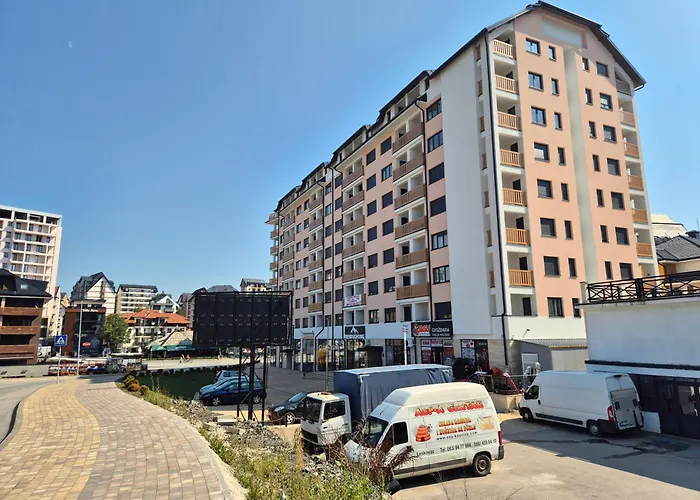 S&n Cvjetkovic شقة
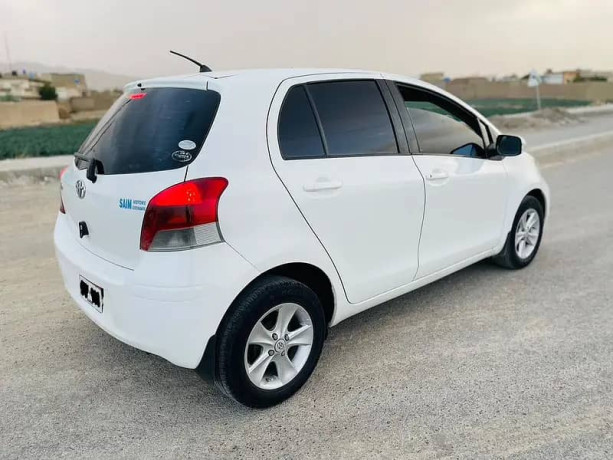 toyota-vitz-2009-big-5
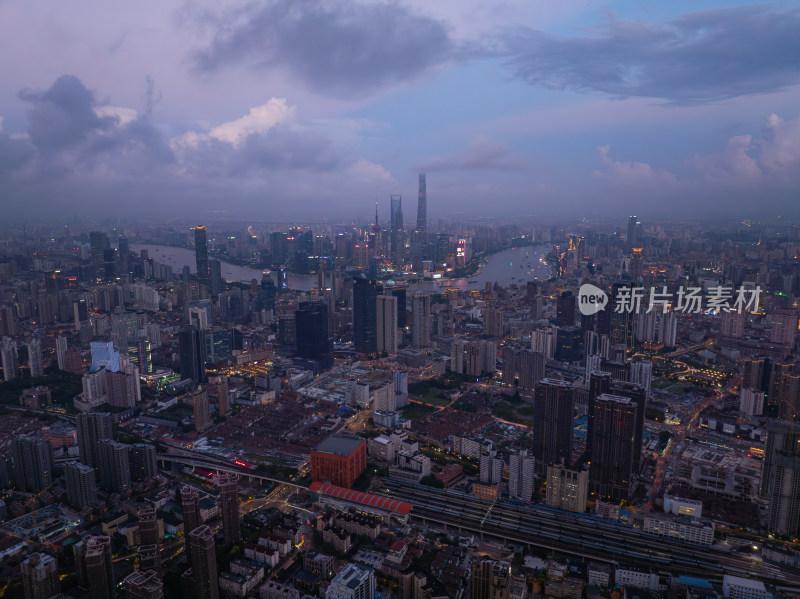 航拍暴风雨前的上海黑云压城乌云密布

####

• **WHAT THE EXERCISE ASKS**
Please give the data again in full, exactly as written, but without any images.

• **RESULT**
 S&n Cvjetkovic شقة
 toyota-vitz-2009-big-5
 航拍暴风雨前的上海黑云压城乌云密布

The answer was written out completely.